There was always a large element of wish-fulfilment about this. For a start, the case had already been won, the film felt like retreading old victories. But most seriously, the shadowy Establishment network that allowed Watergate to happen was never punctured - Nixon was a scapegoat, things were allowed to get back to normal. This is half-suggested in Pakula's tireless determination to make a conspiracy thriller out of everything, but the essential American faith in right and truth outing was generally asserted.

Michael Mann is too good a director to settle for this. His film does follow a feel-good arc - revelation of corruption, suppression of revelation, eventual revelation of revelation - which suggests that men of truth and honour can defeat proto-fascist corporate power. And there is, like THREE KINGS, a sense that audiences wouldn't be able to handle a more realistic ending.

But Mann ironises this arc at every turn. His hero is Lowell Bergman, a CBS news producer with a reputation for securing great stories in some of the world's most dangerous hot-spots. He is played by Al Pacino, an actor in the grandstanding manner, who, despite many villainous roles, carries with him a dogged, Spencer Tracy-like integrity. In following his point-of-view, we get to see the development of the plot and the workings of corporate power.

In the opening sequecne, as Bergman is being driven through Iran, we see what he sees - when he looks in a particular direction, the camera follows. The thing is, he doesn't see anything, he is blindfolded - the traditional treatment to the Hollywood hero has been brilliantly subverted, and undermines Bergman as a hero thorughout the film.

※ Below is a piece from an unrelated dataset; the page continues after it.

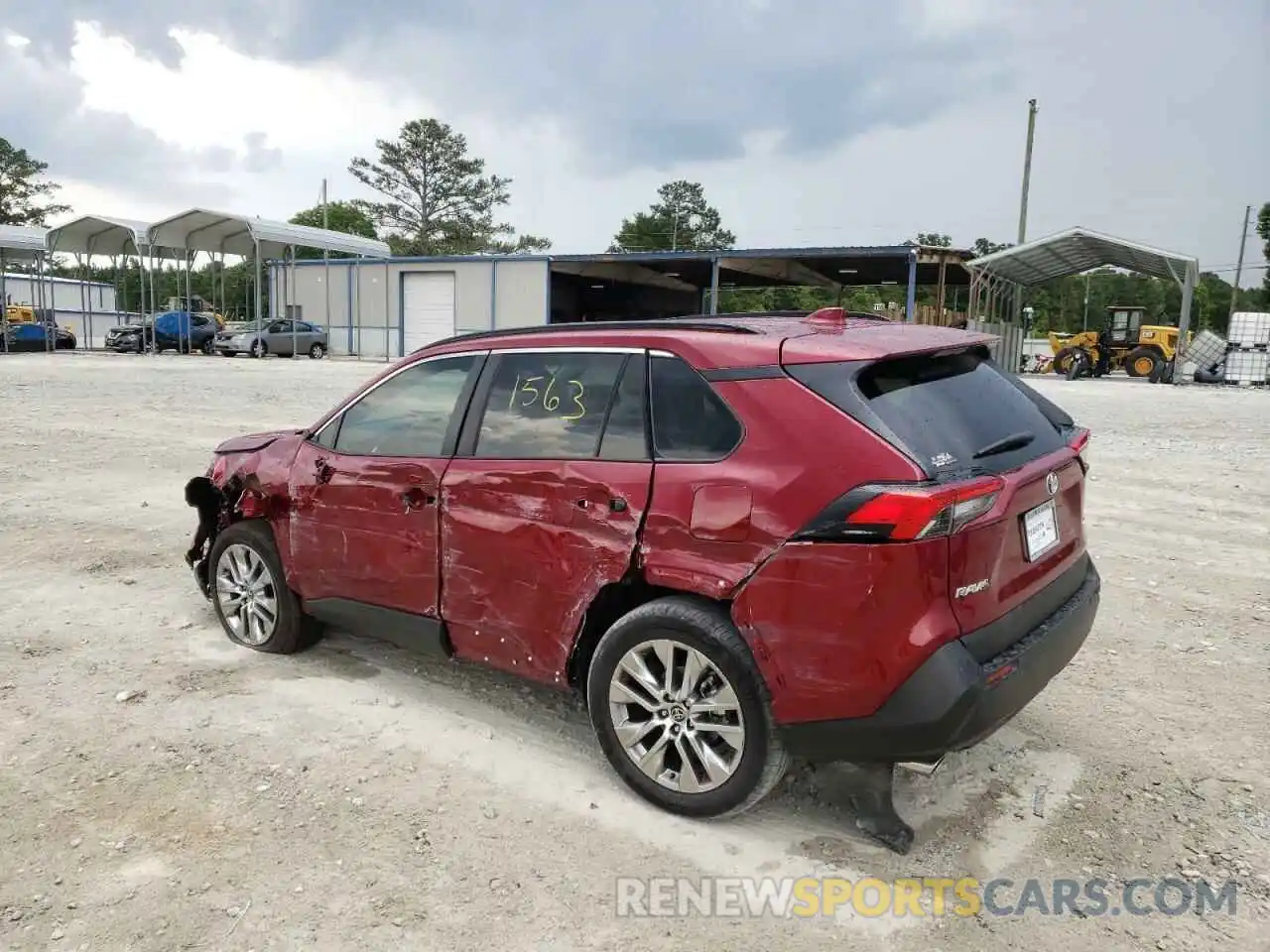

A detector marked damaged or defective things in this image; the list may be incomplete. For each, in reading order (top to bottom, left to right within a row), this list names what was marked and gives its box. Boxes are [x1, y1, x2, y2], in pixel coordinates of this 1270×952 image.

dented side panel [291, 444, 449, 614]
dented side panel [439, 459, 655, 680]
damaged red suv [184, 309, 1096, 848]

For instance, when Bergman, trying to persuade Wigand to talk, suggest, idealistically, information is power at a Japanese restaurant. Mann frames the two men sitting in the traditional Japanese manner, almost legless, not looking very powerful at all.

So in a film where there is an awful lot of talk adn exposition, it is crucial that Mann's irony gives us, the audience, the real view, as in that first sequence. A recurrent motif is Bergman standing godlike from a balcony looking out over a huge city - he does not survey all he sees; it's an impenetrable blank to him. Just as the plot slips away from him, he talks to Wigand on the phone on a beach- Mann cuts to him wading in the water like King Canute. This subtle ironising makes it all the more credible when this blustering hero, totally in control, driving the plot with ariculate confidence, is suddenly shown to have very little real power at all.

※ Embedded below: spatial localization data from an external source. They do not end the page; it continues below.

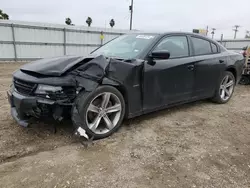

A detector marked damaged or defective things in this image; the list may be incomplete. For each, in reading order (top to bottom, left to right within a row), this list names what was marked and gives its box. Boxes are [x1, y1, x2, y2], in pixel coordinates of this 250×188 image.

crumpled hood [19, 55, 94, 76]
damaged front bumper [7, 90, 71, 128]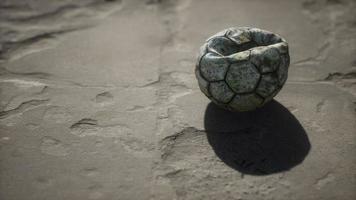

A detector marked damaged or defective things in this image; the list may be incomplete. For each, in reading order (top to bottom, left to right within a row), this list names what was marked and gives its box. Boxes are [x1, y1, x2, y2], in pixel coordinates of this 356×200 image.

torn opening in ball [196, 26, 290, 111]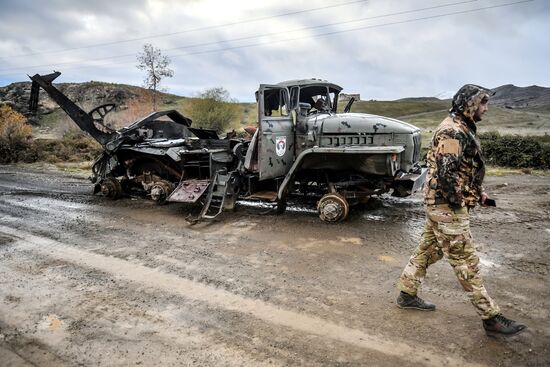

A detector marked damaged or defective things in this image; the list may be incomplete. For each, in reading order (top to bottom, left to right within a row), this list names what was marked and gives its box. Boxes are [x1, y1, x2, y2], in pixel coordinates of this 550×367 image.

destroyed military truck [29, 71, 426, 221]
burnt vehicle wreck [29, 72, 426, 221]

Wigand isn't ironised in quite the same way - he is in a more passive position, defending his family, repository of information. BUt his introduction also shows how removed he is from the real world. WE see him first in his office which looks onto a staff canteen - the realms are only separated by a glass wall, but they could be two different worlds - his dark, lonely,furtive, suffocating, sinister (we don't know what he's doing, but it looks very secretive), dislocatingly cut with the friendly, communal, human babble of the canteen. WHen he goes to leave the building, the camera slows down, the sound is blocked out, the light brightens, adn Wigand looks like he's entering a dream or fairytale world.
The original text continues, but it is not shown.